- [Task goal] In the records below, reproduce exactly the lines from the one containing "4 bedroom detached house for sale" through the one containing "Used 2021 Tesla", both included, and omit the pictures.

- [Data records]

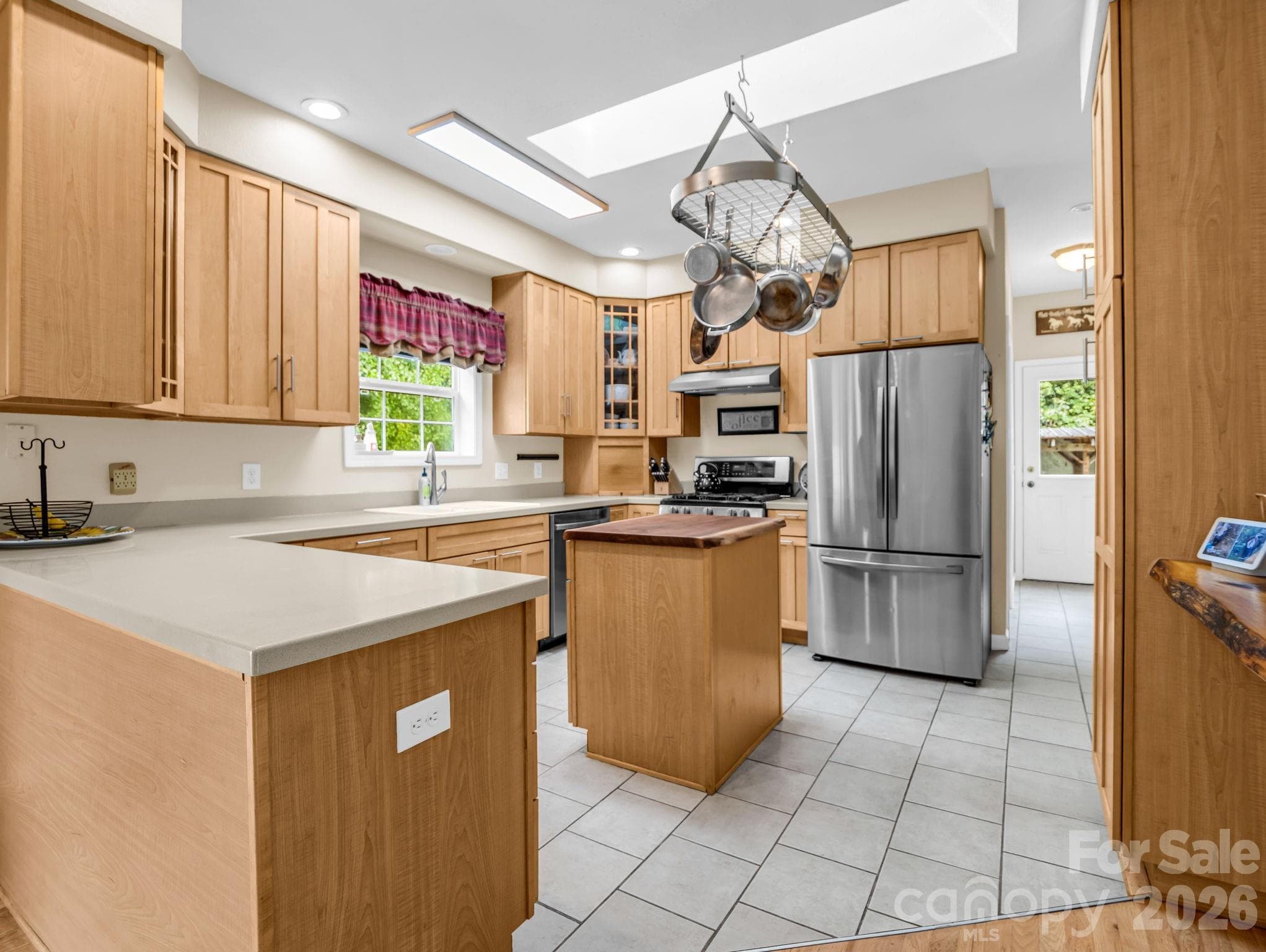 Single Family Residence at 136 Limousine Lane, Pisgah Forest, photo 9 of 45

==

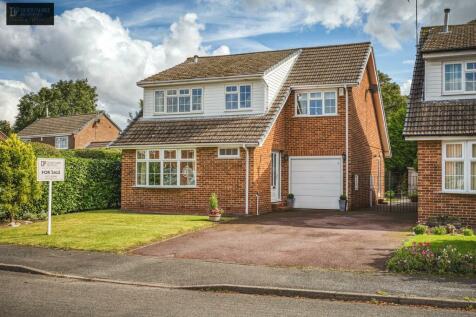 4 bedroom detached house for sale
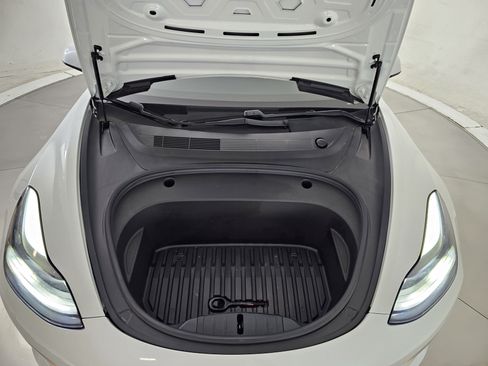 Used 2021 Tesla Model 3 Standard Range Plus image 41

- [Written answer]
 4 bedroom detached house for sale
 Used 2021 Tesla Model 3 Standard Range Plus image 41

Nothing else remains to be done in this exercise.